Może Twój synek nie dorósł jeszcze do przedszkola???Ja przerobiłam ten temat wzdłuż i wszerz.. Ale moje dziecko mimo porannych histerii z przedszkola wracało szczęśliwe, więc nabrałam pewności, ze to nie to..A te wszystkie zachowania u Twojego synka.. No cóż, wg mnie, to po prostu reakcja obronna, bunt, odreagowanie..dziecko musi gdzieś wyładować emocje, nagromadzone żale, etc. i w róznych reakcjach i zachowaniach się*to objawia..
ja kiedys uciekłam z przedszkola i po tem mnie juz do nie go nie posłano. Swojej zosu na razie nie posyłam i nie chciałabym jej posłąć, ni chyba że b ędę musiała iść do pracy. A pro pos – jestem pedagogiem szkolnym i przed ciążą pracowałam z dziećmi, co lubiłam – jednak moim zdaniem nie powinno się dziecimałych na długo zostawiać bez rodzica – tak od razu, to trzeba robić stopniowo…i wtedy może się udać bez awantur.
Twój syn jest bardzo mądry i to zachowanie wcale nie świadczy o tym, że stał się mniej gościnny czy grzeczny. W taki sposób widocznie odreagowuje stres związany z nową sytuacją – każde dziecko potrzebuje na to inną ilość czasu i każde odreagowuje inaczej.
Możesz zrobić bardzo wiele np. przeczytać/opowiedzieć bajkę terapeutyczną. Polecam bajki terapeutyczne autorstwa Marii Molickiej – są tam gotowe bajki o misiu, który się bał przedszkola itp.

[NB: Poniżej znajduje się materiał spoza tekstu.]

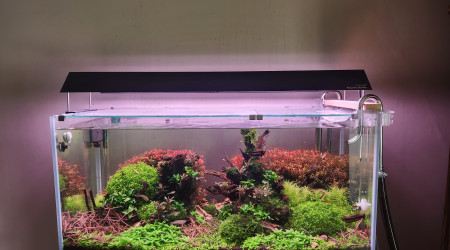 aquarium Cuve 112L Aquael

Albo spróbuj tabelki motywacyjnej – zróbcie piękną tabelkę z brokatem, naklejkami i czym tam jeszcze chcecie – z dniami tygodnia. I za każdy dzień jak synek będzie pomocny dla dzieci w przedszkolu – duża naklejka, jak będzie trochę pomocny ale zdażyła się też wpadka to mała naklejka. A jak zaczepiał dzieci to bez naklejki. Można się też umówić, że jak będzie cały tydzień w dużych naklejkach to się w coś specjalnego w weekend pobawicie:)
A ja pamiętam chłopca zostawianego w przedszkolu przez mamę – płakali oboje. Zostawianego potem przez tatę – płakał tylko chłopiec. Zostawianego przez dziadka – kończyło się na “cześć, dziadek” i “cześć wnuczek”. Dzieci czują nasz niepokój.

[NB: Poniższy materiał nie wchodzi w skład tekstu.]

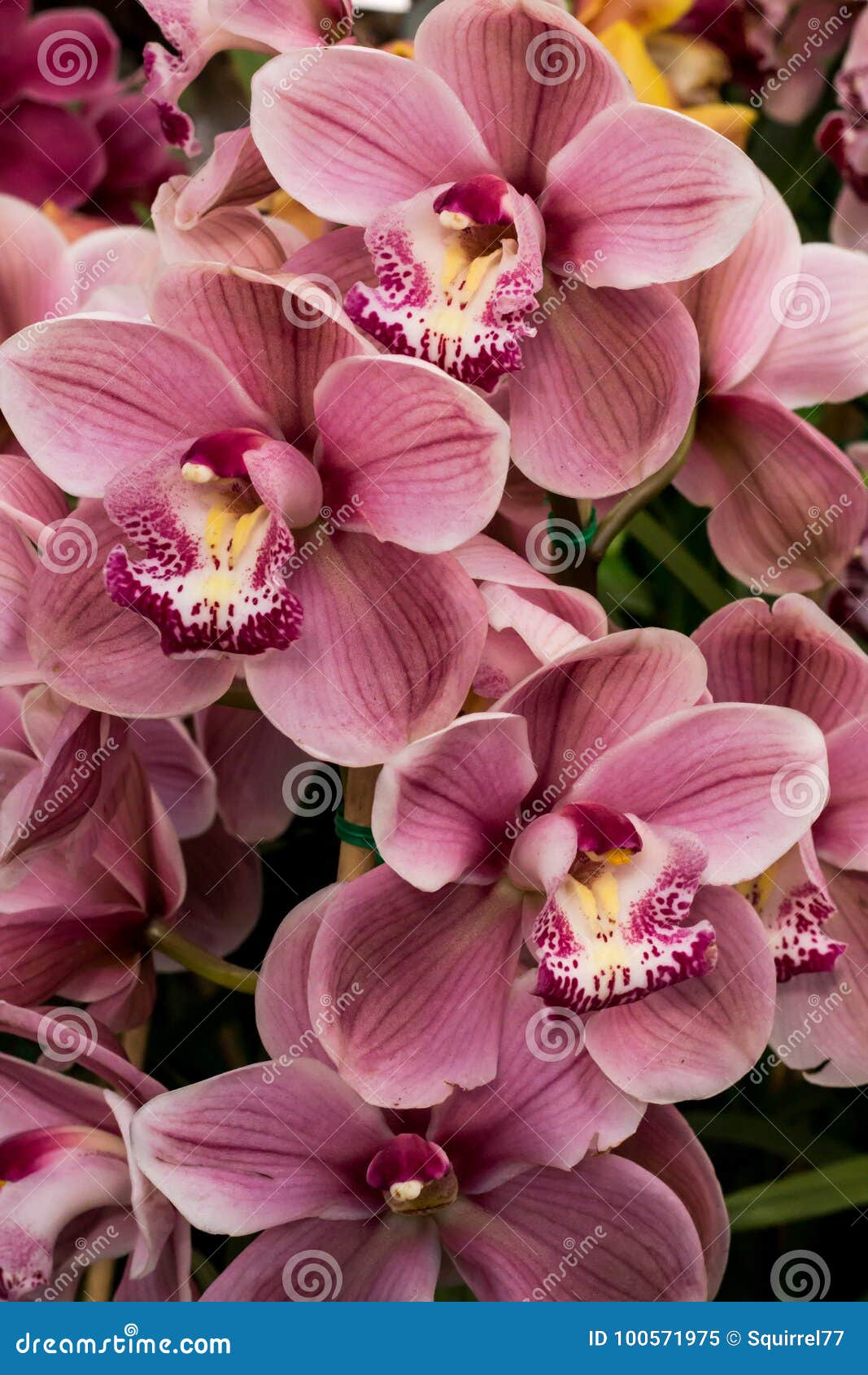Pink and White Tropical Cymbidium Orchid Flower Blossoms Stock Image -  Image of garden, exotic: 100571975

Pierwsze dni w przedszkolu są dla dziecka bardzo stresujące, nowe otoczenie potęguje uczucie lęku i strachu “przed nieznanym”. Agresja dziecka bardzo często w takich sytuacjach bywa sposobem na rozładowanie napięcia i poradzenie sobie z trudną sytuacją. Zgadzam się z opinią poprzednika, że dzieci doskonale wyczuwają nasze emocje i jeśli dorosły się denerwuje to dziecko również odczuwa stres. Trzeba dać dziecku trochę czasu, aby oswoiło się z nową sytuacją. Miałam identyczna sytuacje w swojej rodzinie. Moja siostrzenica wychowywana przede wszystkim przez matkę (ojciec pracował do późna) urządzała ogromne histerie kiedy miała zostać w przedszkolu. Oczywiście wiązało się to z ogromnymi emocjami dla obu stron, jednak wszystko minęło z biegiem czasu. Dziecko szybko przyzwyczaiło się do nowej sytuacji i czas spędzony w przedszkolu sprawiał jej ogromną radość. Agresja też powinna minąć kiedy dziecko przestanie stresować się pobytem w przedszkolu.
No nie wiem. Jeśli agresja jest sposobem radzenia sobie z emocjami to samo zakończenie adaptacji jej nie powstrzyma. Bo stres będzie dziecku towarzyszył zawsze. Nas dorosłych też nie opuszcza.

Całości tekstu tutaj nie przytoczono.